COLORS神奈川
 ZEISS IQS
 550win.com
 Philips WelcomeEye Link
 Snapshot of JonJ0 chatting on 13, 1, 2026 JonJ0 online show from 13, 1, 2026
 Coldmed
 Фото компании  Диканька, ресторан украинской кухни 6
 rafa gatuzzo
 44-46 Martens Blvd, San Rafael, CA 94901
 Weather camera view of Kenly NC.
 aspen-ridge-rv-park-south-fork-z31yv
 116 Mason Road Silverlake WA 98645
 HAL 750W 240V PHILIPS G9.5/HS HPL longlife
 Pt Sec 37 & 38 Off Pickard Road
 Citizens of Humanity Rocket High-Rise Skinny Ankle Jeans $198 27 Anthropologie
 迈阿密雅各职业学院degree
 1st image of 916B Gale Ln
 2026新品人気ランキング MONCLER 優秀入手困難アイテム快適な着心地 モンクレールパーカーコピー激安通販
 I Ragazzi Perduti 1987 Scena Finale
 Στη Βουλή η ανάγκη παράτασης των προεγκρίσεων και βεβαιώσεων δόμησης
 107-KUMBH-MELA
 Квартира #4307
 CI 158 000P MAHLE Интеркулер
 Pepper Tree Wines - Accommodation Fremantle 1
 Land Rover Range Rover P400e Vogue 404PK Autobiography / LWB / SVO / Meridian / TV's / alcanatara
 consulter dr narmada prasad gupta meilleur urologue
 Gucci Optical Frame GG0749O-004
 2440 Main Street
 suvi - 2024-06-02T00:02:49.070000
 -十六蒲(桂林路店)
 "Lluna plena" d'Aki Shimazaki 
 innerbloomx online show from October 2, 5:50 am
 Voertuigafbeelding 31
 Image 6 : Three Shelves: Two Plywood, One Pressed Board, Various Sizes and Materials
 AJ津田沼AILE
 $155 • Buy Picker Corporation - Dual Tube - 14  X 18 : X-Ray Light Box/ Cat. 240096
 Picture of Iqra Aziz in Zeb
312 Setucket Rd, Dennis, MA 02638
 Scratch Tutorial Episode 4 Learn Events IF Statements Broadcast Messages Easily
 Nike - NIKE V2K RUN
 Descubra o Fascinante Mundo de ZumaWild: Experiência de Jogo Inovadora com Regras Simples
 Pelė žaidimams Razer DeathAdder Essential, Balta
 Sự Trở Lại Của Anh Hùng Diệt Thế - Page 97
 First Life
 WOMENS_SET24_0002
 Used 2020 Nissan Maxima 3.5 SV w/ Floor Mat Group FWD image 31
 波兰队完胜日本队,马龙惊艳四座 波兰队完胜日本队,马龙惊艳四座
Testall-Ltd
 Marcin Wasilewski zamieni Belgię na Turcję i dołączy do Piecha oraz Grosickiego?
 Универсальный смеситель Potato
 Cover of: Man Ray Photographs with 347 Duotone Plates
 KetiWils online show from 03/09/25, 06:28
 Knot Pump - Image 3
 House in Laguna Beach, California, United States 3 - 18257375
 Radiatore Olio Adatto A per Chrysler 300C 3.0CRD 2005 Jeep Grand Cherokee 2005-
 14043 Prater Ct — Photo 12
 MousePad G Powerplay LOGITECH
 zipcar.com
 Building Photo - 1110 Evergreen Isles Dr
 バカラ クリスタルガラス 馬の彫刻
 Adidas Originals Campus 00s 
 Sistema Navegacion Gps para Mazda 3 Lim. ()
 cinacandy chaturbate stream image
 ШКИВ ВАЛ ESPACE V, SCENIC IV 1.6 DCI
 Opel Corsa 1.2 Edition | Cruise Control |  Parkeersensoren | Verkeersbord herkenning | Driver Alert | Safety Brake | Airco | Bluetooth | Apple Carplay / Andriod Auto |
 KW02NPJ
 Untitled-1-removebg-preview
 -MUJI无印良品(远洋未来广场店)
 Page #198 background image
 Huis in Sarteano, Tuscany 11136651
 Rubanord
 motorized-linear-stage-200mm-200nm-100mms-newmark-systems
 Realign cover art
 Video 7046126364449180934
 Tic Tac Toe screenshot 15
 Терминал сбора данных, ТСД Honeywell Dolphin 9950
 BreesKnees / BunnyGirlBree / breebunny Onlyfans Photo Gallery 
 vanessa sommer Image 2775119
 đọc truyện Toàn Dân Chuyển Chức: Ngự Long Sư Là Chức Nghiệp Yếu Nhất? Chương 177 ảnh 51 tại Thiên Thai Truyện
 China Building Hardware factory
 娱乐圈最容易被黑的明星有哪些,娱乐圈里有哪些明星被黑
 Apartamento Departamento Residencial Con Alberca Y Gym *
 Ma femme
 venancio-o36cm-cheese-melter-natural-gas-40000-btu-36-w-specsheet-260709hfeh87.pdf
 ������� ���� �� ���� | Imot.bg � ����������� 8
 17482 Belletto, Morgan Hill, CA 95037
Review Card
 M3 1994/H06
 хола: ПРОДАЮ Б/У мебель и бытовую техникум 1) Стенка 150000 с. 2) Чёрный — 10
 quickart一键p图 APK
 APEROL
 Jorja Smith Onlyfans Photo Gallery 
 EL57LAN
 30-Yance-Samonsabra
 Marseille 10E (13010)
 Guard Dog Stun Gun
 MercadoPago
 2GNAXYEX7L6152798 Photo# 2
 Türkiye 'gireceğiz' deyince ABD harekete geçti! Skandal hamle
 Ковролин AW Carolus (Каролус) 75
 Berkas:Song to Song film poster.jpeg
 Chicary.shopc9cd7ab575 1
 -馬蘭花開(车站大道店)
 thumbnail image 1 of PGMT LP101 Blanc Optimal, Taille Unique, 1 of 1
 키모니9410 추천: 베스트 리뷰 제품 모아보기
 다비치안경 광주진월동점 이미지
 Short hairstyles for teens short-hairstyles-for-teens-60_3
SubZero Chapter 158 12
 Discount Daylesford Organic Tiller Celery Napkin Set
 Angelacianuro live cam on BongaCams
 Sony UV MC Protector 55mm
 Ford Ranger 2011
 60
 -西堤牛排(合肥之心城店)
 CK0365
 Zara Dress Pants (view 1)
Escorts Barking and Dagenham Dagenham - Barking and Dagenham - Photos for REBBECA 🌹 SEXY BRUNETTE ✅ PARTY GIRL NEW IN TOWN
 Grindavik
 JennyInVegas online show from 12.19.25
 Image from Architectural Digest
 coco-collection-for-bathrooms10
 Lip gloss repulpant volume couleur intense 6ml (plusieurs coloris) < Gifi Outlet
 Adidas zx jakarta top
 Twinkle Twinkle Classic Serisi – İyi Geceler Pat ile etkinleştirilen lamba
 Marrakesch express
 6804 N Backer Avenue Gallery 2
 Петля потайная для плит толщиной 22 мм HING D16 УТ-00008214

- _PROBLEM_
Every line above that includes "Gallery" counts toward one total; give that total by itself.

- _FINAL ANSWER_
3